The question remains: Is this typical for current 6 gb/s equipment? Is this the sad state of SATA storage? Or is some of my equipment (the sff-8088 cables come to mind) bad?
The Problem was:
Synchronizing HW RAID-6, disks kept offlining. Fetching SMART values reveiled that those which offlined did not increase powered-on hours anymore. That is, their firmware (CC4C) seems to crash.

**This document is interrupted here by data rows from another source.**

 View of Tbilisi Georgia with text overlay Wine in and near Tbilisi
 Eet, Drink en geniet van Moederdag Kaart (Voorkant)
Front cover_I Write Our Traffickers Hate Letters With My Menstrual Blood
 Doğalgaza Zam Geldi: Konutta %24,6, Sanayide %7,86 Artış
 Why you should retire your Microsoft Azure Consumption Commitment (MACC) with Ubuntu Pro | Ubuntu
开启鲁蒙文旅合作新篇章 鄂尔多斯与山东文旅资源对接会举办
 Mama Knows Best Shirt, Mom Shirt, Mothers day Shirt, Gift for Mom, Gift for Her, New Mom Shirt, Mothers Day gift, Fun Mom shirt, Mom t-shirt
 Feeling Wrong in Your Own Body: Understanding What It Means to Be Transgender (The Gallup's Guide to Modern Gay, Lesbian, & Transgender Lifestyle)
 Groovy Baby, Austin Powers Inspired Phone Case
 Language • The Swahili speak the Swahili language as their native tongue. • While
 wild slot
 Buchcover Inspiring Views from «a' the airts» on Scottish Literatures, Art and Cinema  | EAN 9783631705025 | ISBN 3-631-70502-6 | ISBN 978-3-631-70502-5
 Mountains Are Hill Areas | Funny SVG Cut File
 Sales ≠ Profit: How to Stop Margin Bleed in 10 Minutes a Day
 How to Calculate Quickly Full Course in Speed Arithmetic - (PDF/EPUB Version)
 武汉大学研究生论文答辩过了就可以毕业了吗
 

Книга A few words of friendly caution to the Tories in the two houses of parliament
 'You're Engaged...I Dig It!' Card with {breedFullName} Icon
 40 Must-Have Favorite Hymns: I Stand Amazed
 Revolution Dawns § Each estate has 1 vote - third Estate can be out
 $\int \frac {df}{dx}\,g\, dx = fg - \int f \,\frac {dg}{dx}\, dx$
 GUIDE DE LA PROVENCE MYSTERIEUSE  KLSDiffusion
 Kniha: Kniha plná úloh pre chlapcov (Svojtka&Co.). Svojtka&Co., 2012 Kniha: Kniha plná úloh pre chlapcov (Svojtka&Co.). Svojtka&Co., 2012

Digging into the matter by switching to Software RAID-6, with the disks passed-through, I got tons of kernel messages scattered across all disks, with 6 gb/s:
sd 0:0:9:0: [sdb] Sense Key : No Sense [current]
Info fld=0x0
sd 0:0:9:0: [sdb] Add. Sense: No additional sense information
And finally, when a disk offlines:
megasas: [ 5]waiting for 160 commands to complete
...
megasas: [35]waiting for 159 commands to complete
...
megasas: [155]waiting for 156 commands to complete
...
megaraid_sas: pending commands remain after waiting, will reset adapter.
Ugly controller reset here, then minutes later:
megaraid_sas: Reset successful.
sd 0:0:28:0: Device offlined - not ready after error recovery
...
sd 0:0:28:0: [sdu] Unhandled error code
sd 0:0:28:0: [sdu] Result: hostbyte=DID_ERROR driverbyte=DRIVER_OK
sd 0:0:28:0: [sdu] CDB: Read(10): 28 00 23 21 2f 40 00 00 70 00
sd 0:0:28:0: [sdu] killing request
Reduced speed to 3 gb/s like written above, all problems vanished.